• _TASK BRIEF_:
Which lines run from the one containing "Fresh Lobster Martini" to the end of the material below? Copy them exactly, pictures excluded.

• _RECORDED DATA_:

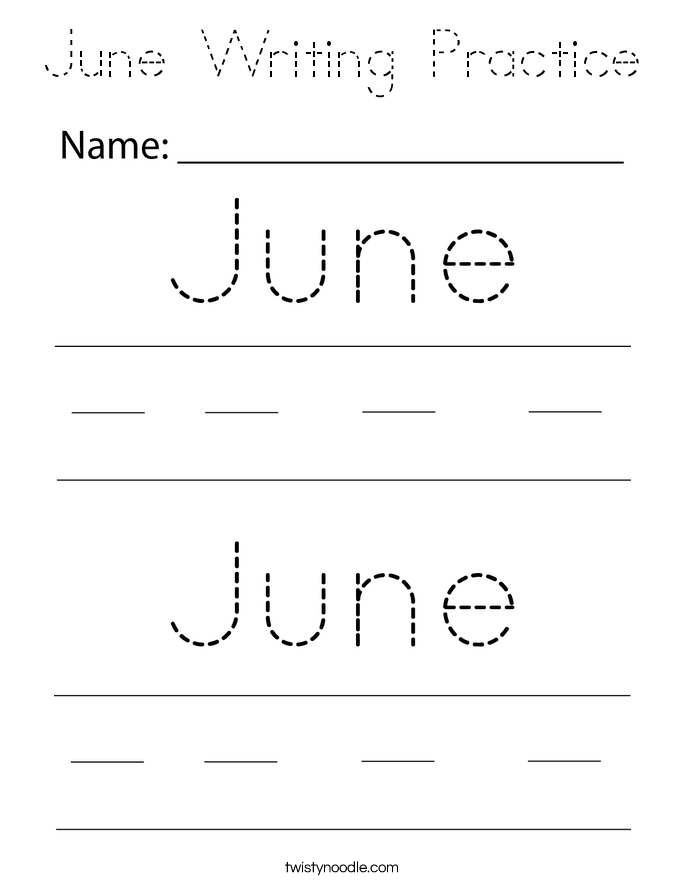 June Writing Practice Coloring Page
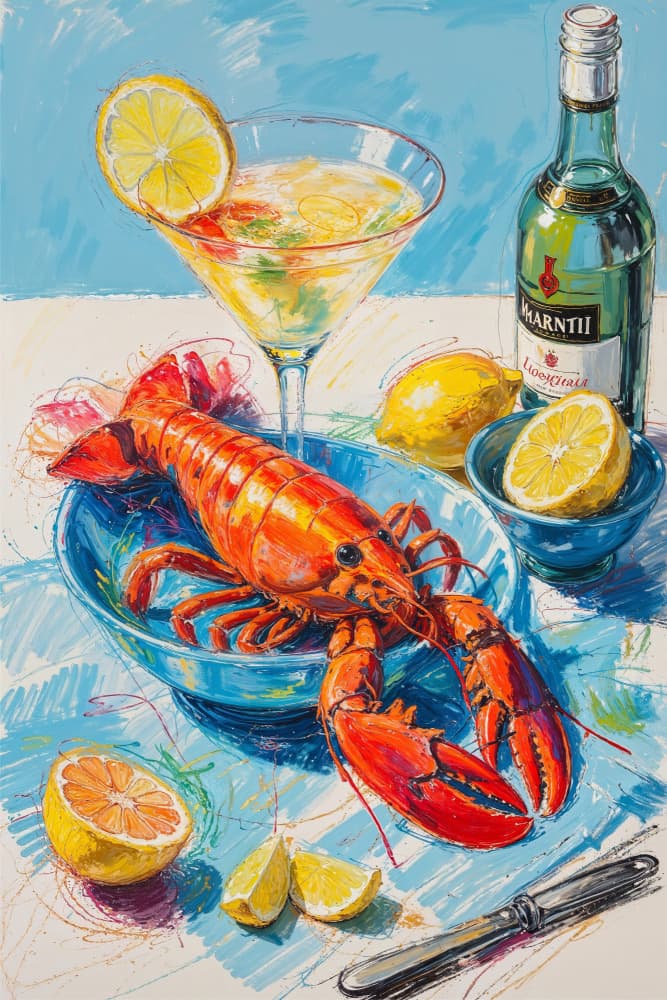 Fresh Lobster Martini by The Art Concept — canvas wall art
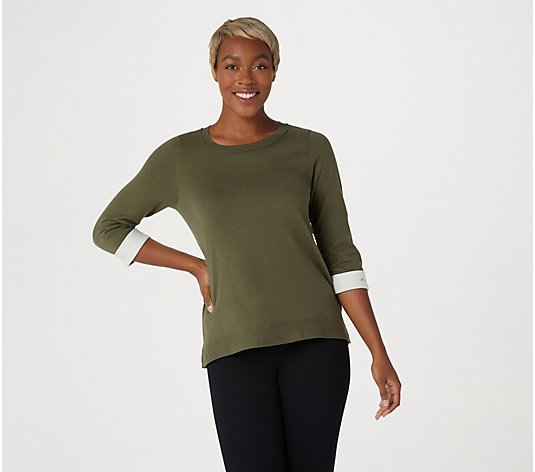Martha Stewart Contrast Cuff 3/4-Sleeve Sweater with Embroidery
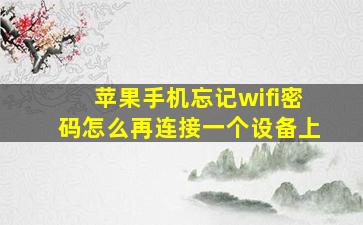 苹果手机忘记wifi密码怎么再连接一个设备上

• _ANSWER FOR THIS EXERCISE_:
 Fresh Lobster Martini by The Art Concept — canvas wall art
Martha Stewart Contrast Cuff 3/4-Sleeve Sweater with Embroidery
 苹果手机忘记wifi密码怎么再连接一个设备上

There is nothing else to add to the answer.